▶ [Description of the task]: Every line from the one with "Zin en betekenis vinden in je werk" up to and including the one with "Attorney Since 2022 - Throw Pillow Black" is to be output exactly as it appears below; pictures are not.

▶ [Provided entries]:
= Beginning of Section =

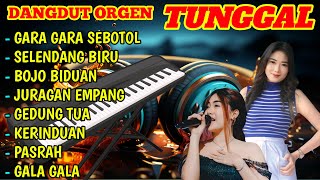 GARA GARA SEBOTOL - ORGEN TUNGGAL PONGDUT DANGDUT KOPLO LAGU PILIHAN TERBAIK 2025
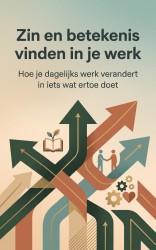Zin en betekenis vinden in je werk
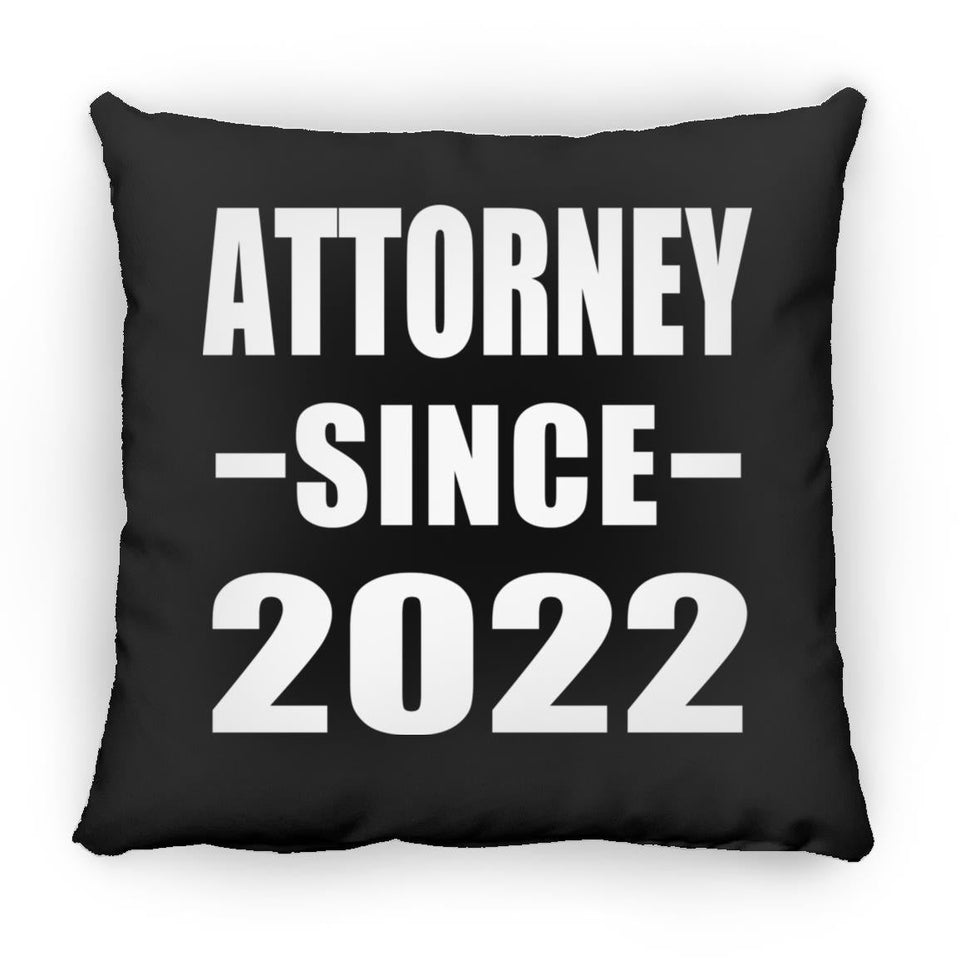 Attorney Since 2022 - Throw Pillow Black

= End of Section =
= Beginning of Section =

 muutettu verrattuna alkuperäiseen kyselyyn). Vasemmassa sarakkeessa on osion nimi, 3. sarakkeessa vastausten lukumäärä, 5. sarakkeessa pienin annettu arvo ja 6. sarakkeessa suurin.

= End of Section =

▶ [Result of this exercise]:
Zin en betekenis vinden in je werk
 Attorney Since 2022 - Throw Pillow Black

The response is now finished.